↓↓↓

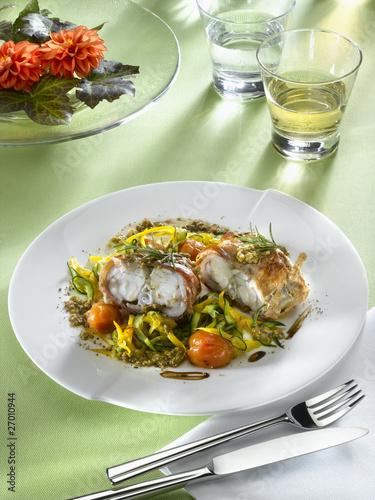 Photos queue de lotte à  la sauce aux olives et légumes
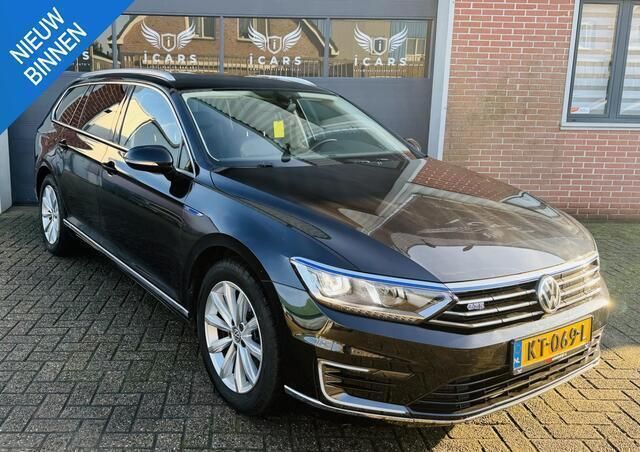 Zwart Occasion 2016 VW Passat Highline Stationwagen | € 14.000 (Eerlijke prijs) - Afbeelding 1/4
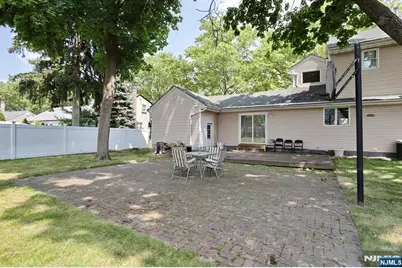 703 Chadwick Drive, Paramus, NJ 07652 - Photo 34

↑↑↑
↓↓↓

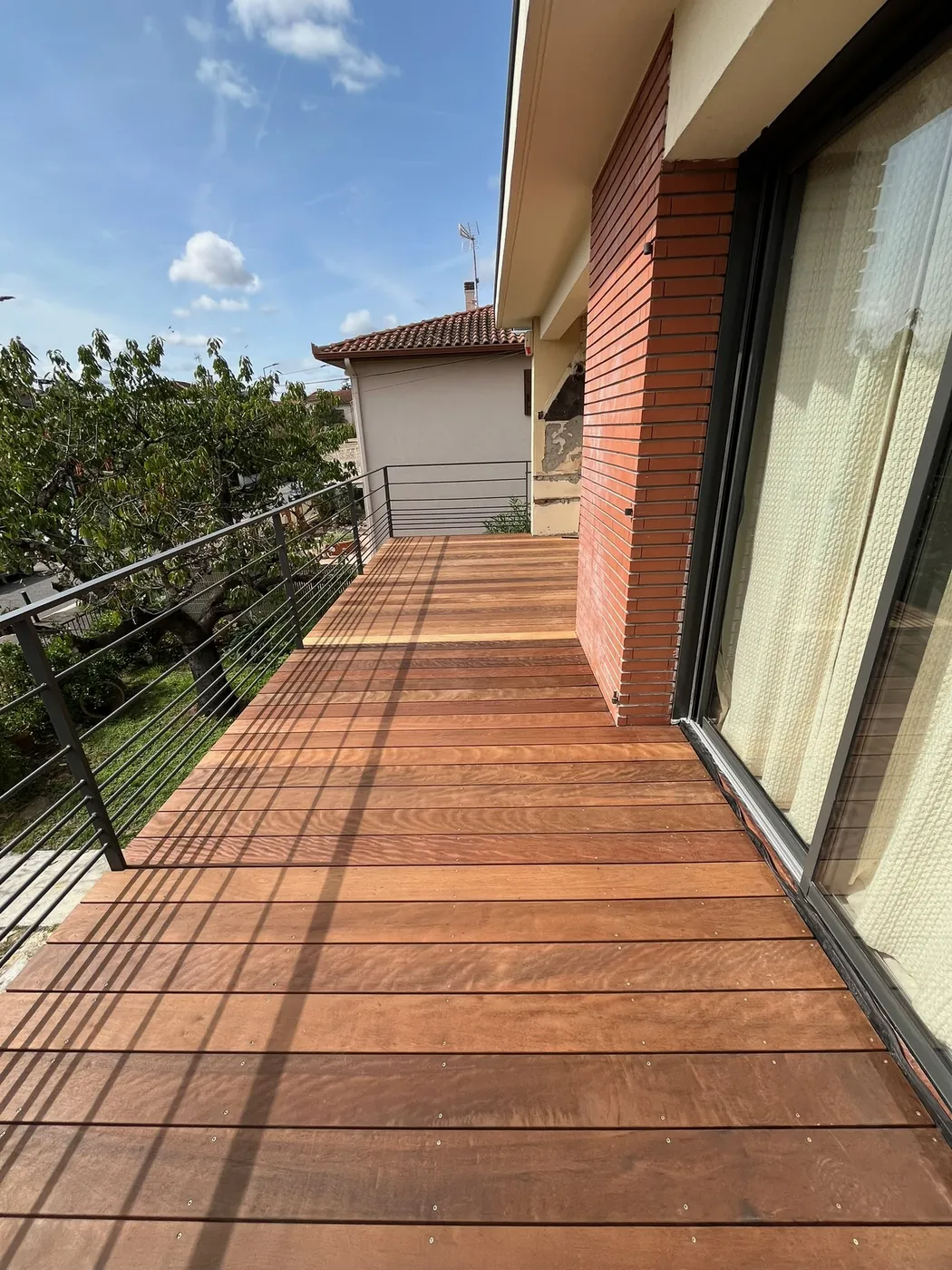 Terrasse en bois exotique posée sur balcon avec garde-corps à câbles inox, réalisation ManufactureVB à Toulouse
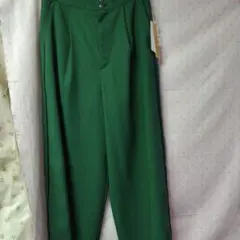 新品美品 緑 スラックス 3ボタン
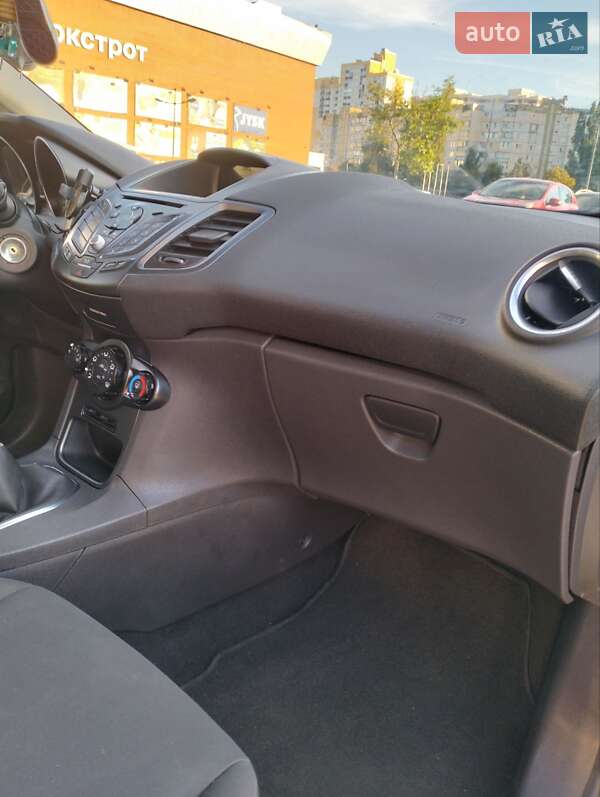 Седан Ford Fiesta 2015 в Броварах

↑↑↑

▶ **What is needed**: Pictures do not belong in the answer. Return the lines above starting at the one with "Photos queue de" and ending at the one with "703 Chadwick Drive, Paramus, NJ", both kept, exactly.

▶ **Solution for this task**:
 Photos queue de lotte à  la sauce aux olives et légumes
 Zwart Occasion 2016 VW Passat Highline Stationwagen | € 14.000 (Eerlijke prijs) - Afbeelding 1/4
 703 Chadwick Drive, Paramus, NJ 07652 - Photo 34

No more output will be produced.